The Green Energy Fantasy

With all the talk about green energy creating jobs, one starts to believe it. In the February CARE Conference Call, Sterling Burnett did an excellent of addressing how these jobs will be shifted from jobs lost, not creating brand new employment--making this more of a nightmare than a dream.

CARE has found that once the solar/wind energy dream is coming closer to reality, those who have pushed it are still not happy with it. (See Making Environmentalists Happy Will Take Magic Tricks in CARE's August 2008 PowerLine.) It is becoming a nightmare to them too.

But surely, even if “green” is not the panacea it is proposed to be, it will help the struggling economy--right? Not according to this new commentary by Keith Lockitch. This is the second of his postings we’ve featured here. With the insight he offers, we doubt it will be his last. What do you think?

Green Energy Policies Would Hobble The Economy
Will a green energy industry be an engine of economic growth? Many want us to think so, including our new President. Apparently a booming green economy with millions of new jobs is just around the corner. All we need is the right mix of government “incentives.”

These include a huge (de facto) tax on carbon emissions imposed through a cap-and-trade regulatory scheme, as well as huge government subsidies for “renewable,” carbon-free sources.

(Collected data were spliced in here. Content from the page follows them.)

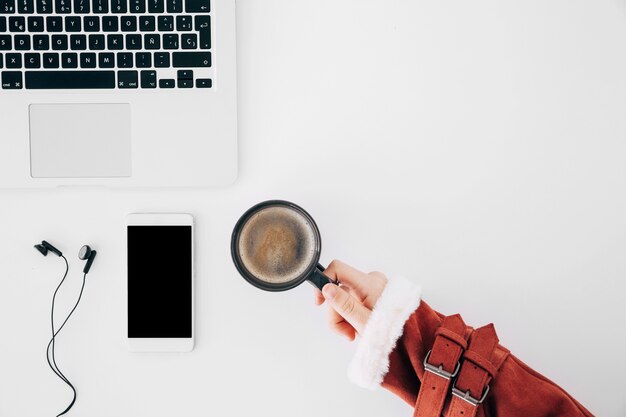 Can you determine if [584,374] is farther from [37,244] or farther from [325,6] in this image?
[37,244]

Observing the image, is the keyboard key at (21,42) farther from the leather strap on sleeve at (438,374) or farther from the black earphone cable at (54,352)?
the leather strap on sleeve at (438,374)

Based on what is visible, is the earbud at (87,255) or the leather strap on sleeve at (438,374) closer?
the leather strap on sleeve at (438,374)

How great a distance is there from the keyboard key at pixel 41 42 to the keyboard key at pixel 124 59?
0.11 meters

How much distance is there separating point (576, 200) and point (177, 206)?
68 centimetres

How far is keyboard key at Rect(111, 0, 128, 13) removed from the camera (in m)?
0.72

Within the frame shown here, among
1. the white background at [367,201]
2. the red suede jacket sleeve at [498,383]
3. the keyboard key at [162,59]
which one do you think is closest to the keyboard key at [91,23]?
the keyboard key at [162,59]

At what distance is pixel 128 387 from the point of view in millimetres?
787

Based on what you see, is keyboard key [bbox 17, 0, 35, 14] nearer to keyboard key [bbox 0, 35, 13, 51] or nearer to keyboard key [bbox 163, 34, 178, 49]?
keyboard key [bbox 0, 35, 13, 51]

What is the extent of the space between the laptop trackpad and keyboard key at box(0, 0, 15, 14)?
0.15 m

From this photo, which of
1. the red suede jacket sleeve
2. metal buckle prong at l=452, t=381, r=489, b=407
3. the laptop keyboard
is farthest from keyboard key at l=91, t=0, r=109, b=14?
metal buckle prong at l=452, t=381, r=489, b=407

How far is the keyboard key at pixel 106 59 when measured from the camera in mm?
728

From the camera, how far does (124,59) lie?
2.39ft

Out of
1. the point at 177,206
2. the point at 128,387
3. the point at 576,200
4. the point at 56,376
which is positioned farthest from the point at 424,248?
the point at 56,376

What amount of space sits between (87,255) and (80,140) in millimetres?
184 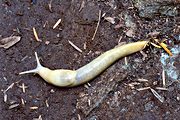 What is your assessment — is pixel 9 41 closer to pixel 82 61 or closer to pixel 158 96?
Answer: pixel 82 61

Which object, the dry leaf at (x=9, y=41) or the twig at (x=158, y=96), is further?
the dry leaf at (x=9, y=41)

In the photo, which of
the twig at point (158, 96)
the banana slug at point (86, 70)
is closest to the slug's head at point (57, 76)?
the banana slug at point (86, 70)

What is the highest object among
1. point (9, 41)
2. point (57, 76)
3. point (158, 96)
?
point (9, 41)

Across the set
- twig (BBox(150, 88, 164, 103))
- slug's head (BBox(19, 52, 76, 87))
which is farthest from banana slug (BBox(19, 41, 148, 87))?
twig (BBox(150, 88, 164, 103))

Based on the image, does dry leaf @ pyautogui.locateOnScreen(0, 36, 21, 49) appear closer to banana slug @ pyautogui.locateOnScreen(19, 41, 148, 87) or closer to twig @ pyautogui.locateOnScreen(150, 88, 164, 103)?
banana slug @ pyautogui.locateOnScreen(19, 41, 148, 87)

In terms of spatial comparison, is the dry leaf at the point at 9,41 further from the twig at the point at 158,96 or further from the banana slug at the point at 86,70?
the twig at the point at 158,96

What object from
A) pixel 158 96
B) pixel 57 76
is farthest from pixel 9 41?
pixel 158 96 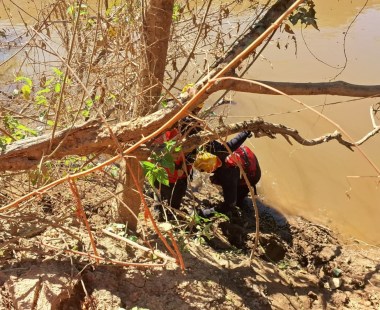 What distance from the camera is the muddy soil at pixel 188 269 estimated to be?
2.03 metres

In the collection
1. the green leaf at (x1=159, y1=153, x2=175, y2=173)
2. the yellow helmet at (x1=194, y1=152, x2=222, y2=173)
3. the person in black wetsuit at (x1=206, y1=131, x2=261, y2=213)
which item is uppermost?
A: the green leaf at (x1=159, y1=153, x2=175, y2=173)

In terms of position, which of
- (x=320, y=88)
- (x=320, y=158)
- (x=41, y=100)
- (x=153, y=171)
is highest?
(x=320, y=88)

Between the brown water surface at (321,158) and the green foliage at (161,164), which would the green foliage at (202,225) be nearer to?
the green foliage at (161,164)

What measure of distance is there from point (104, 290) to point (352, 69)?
5428 mm

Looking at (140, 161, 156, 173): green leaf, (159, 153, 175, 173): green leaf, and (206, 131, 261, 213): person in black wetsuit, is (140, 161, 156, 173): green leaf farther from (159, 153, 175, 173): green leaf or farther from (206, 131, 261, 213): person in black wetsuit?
(206, 131, 261, 213): person in black wetsuit

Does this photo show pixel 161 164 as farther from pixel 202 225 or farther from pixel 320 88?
pixel 202 225

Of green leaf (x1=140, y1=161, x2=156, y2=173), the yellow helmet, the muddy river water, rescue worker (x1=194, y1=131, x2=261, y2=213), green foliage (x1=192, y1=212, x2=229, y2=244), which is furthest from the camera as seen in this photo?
the muddy river water

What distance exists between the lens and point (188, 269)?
8.09 feet

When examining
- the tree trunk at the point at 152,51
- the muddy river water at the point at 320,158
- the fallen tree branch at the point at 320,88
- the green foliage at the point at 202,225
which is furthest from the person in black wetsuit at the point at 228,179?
the fallen tree branch at the point at 320,88

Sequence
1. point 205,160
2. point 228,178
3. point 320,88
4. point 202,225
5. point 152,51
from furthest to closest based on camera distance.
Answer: point 228,178
point 202,225
point 205,160
point 152,51
point 320,88

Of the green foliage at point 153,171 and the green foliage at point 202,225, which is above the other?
the green foliage at point 153,171

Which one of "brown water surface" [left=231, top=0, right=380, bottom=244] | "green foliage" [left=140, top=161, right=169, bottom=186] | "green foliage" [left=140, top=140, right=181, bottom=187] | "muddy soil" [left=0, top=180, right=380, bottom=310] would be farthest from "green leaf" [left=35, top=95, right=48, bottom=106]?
"brown water surface" [left=231, top=0, right=380, bottom=244]

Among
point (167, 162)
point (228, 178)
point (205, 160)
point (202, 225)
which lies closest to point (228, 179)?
point (228, 178)

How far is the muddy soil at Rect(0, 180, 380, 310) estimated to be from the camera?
2.03m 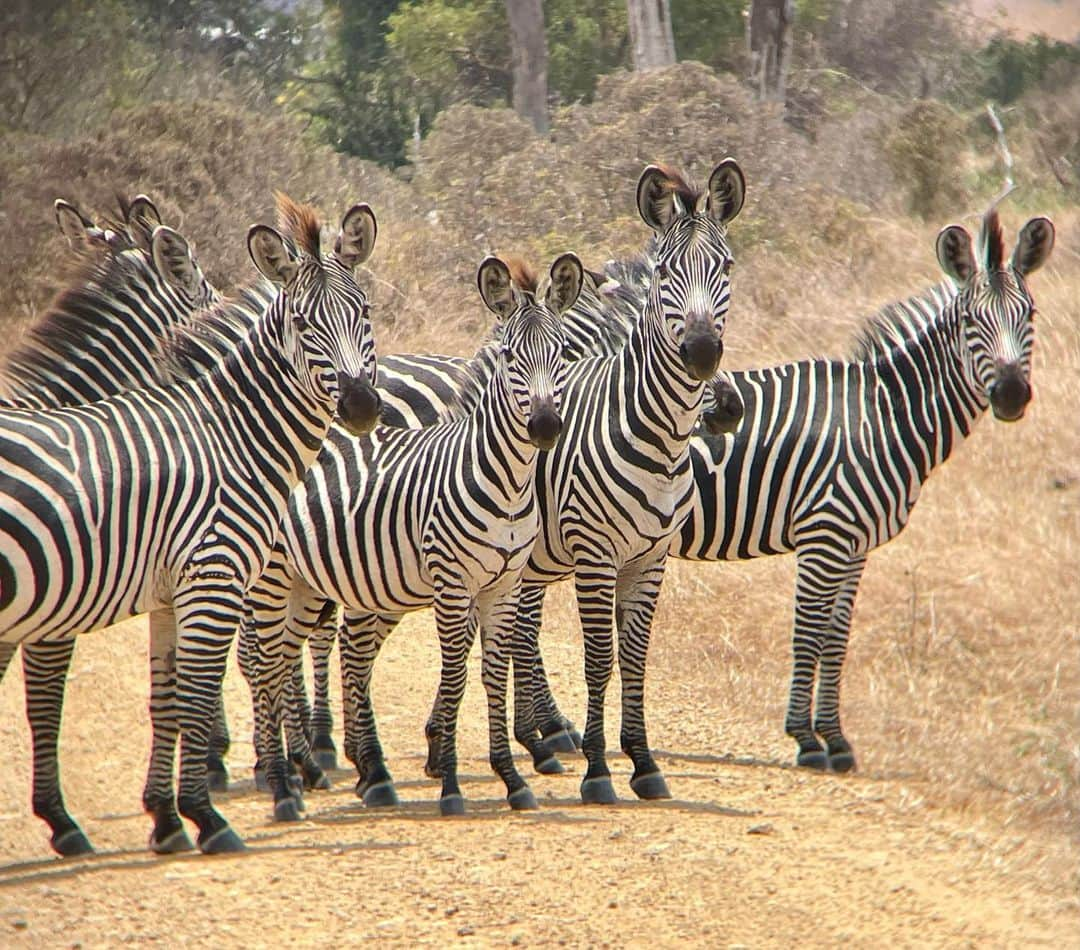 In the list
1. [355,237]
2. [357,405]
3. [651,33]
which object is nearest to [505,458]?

The hope is that these government sticks and carrots will turn today’s pitiful “green energy” industry, which produces an insignificant fraction of American energy, into a source of abundant, affordable energy that can replace today’s fossil-fuel-dominated industry.

This view is a fantasy--one that could devastate America’s economy. The reality is that “green energy” is at best a sophisticated make-work program.

There is a reason why less than 2 percent of the world’s energy currently comes from “renewable” sources such as wind and solar--the very sources that are supposedly going to power the new green economy: despite billions of dollars in government subsidies, funding decades of research, they have not proven themselves to be practical sources of energy. Indeed, without government mandates forcing their adoption in most Western countries, their high cost would make them even less prevalent.

Consider that it takes about 1,000 wind turbines, occupying tens of thousands of acres, to produce as much electricity as just one medium-sized, coal-fired power plant. And that’s if the wind is blowing: the intermittency of wind wreaks havoc on electricity grids, which need a stable flow of power, thus requiring expensive, redundant backup capacity or an unbuilt, unproven “smart grid.”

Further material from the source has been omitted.